L'horloge accrochée au mur de l'appartement indiquait vingt heures. La jeune femme tendit une main fébrile vers le billet d'avion posé sur la table, puis se ravisa. Comme si elle ne connaissait pas l'horaire ! Buenos Aires/Lima : départ 0 heure 25. Rien ne pressait, même s'il lui tardait déjà d'être en route. Elle vérifia de nouveau le contenu d'une sacoche, en sortit un appareil photo et plusieurs objectifs avant de les remettre délicatement en place. Elle sembla hésiter. Mais non, elle ne devait pas s'encombrer. Elle ferait son travail avec le strict minimum. Lentement, elle tourna sur elle-même et parcourut la pièce du regard. Mais cela aussi elle l'avait déjà fait : veiller à ne laisser ici aucun objet qui pourrait lui manquer là-bas. Elle secoua la tête en riant, se moquant de sa nervosité. Son passeport, un peu d'argent, et son matériel de photographe. C'était l'essentiel. Et ce qu'elle oublierait était sans importance.

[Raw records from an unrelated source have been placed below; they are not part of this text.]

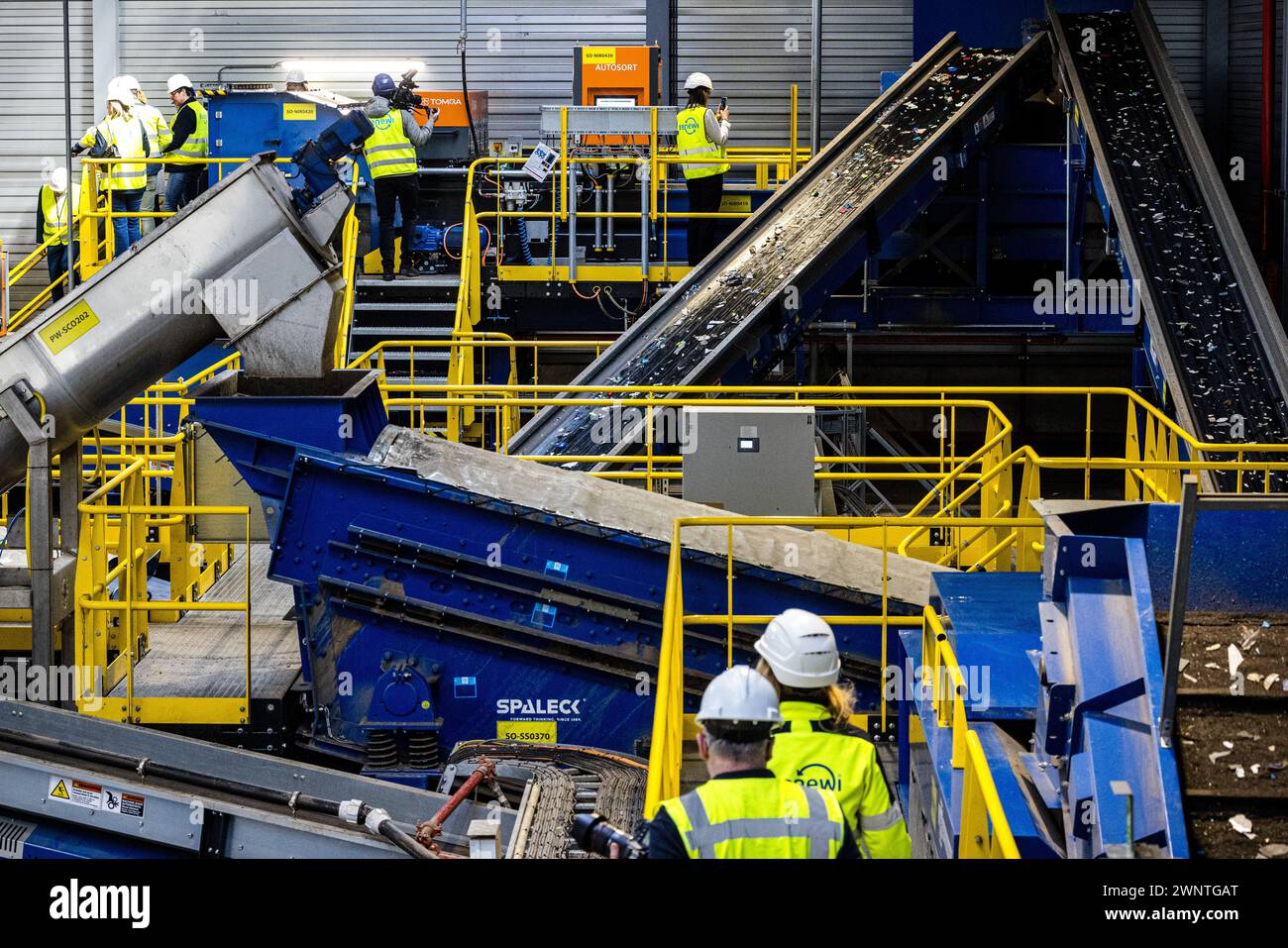 EINDHOVEN - The opening of the new plastic sorting installation of waste worker Renewi. According to the company, only a third of plastic waste is recycled. With the opening of this installation, Renewi wants to increase that percentage. ANP ROB ENGELAAR netherlands out - belgium out Stock Photo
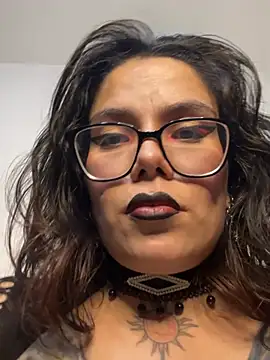 Esmeralda_hairy live cam on StripChat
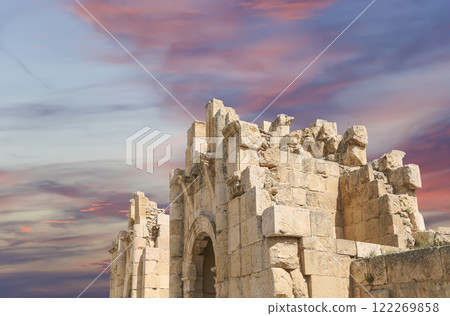 Roman ruins (against the background of a beautiful sky with clouds) in the Jordanian city of Jerash (Gerasa of Antiquity), capital and largest city of Jerash Governorate, Jordan 122269858
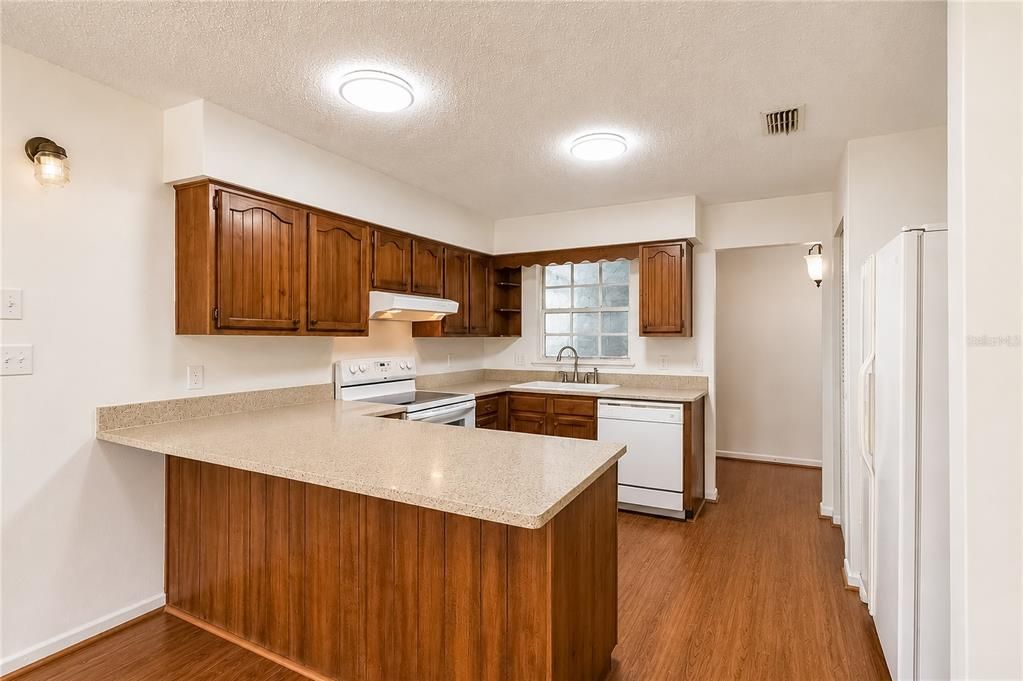 En Venta: $224,900 (3 camas, 2 baños, 1725 Pies cuadrados)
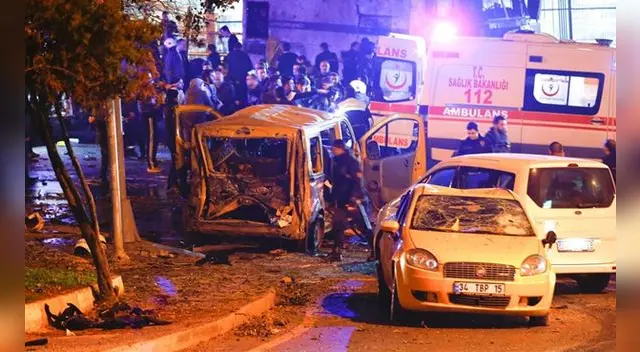 Atentado en el estadio de Besiktas deja 13 fallecidos y más de 30 policías heridos.
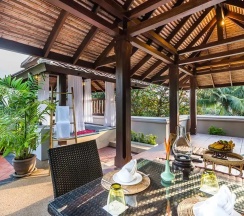 Двухместный люкс Royal с видом на море двуспальная кровать в Muang Samui Spa Resort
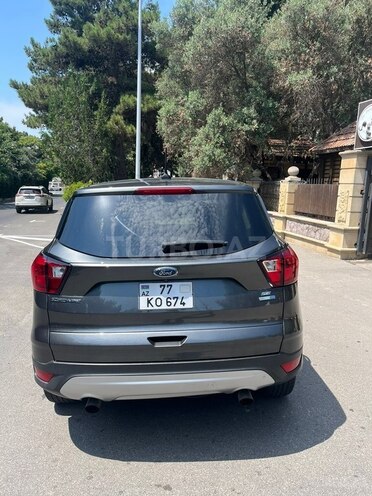 Ford Escape-10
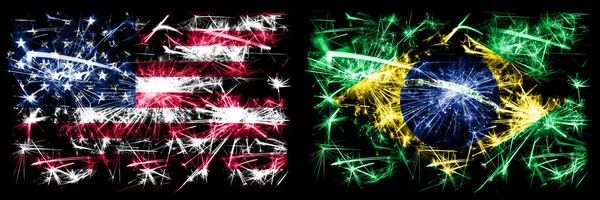 Estados Unidos da América, EUA vs Brasil, comemoração do Ano Novo Brasileiro fogos de artifício espumantes bandeiras fundo conceito. Combinação de duas bandeiras de estados abstratos . — Fotografia de Stock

Elle entassa ses affaires près de la porte d'entrée et retourna dans le salon. Une petite pelote grise traînait sur le tapis. Elle la fit doucement rouler du bout du pied. Un grelot se mit à tinter, tandis qu'un bout de ficelle tournicotait en imitant les mouvements de queue d'une souris. Éloïse ramassa le jouet et le posa avec tendresse sur une étagère. Machinalement, elle en profita pour remettre d'aplomb une photo : celle d'une jeune mariée, tout en dentelles, tout en beauté.
Par la baie vitrée qui s'ouvrait sur un large balcon, un parfum de fleurs montait du jardin. Éloïse sortit et s'accouda à la balustrade pour contempler la nuit. De ce dernier étage la vue était imprenable. Rien ne bougeait. Le reflet de la pleine lune, nonchalant, s'était posé sur le Rio de la Plata. Le fleuve semblait figé dans la touffeur de la nuit. Seules les balises de navigation poursuivaient leur besogne, infatigables, guidant les navires vers les ports du delta.
- Comme c'est beau, murmura Éloïse, mais quelle chaleur ! Pas bon signe, ça.
Au même instant, très loin à l'ouest sur la pampa argentine, une série d'éclairs vint lui donner raison.
- Zut ! On va se faire secouer !
Éloïse fit volte-face, oubliant le Rio, la lune et la splendeur de la nuit. Le carré parfaitement coupé de ses cheveux noirs - frange à mi-front, pointes effleurant les épaules - tourna comme un jupon de soie et reprit sa place autour du visage décidé et simplement beau de la frêle jeune femme. Elle prit ses affaires puis, sans un regard derrière elle, referma doucement sa porte.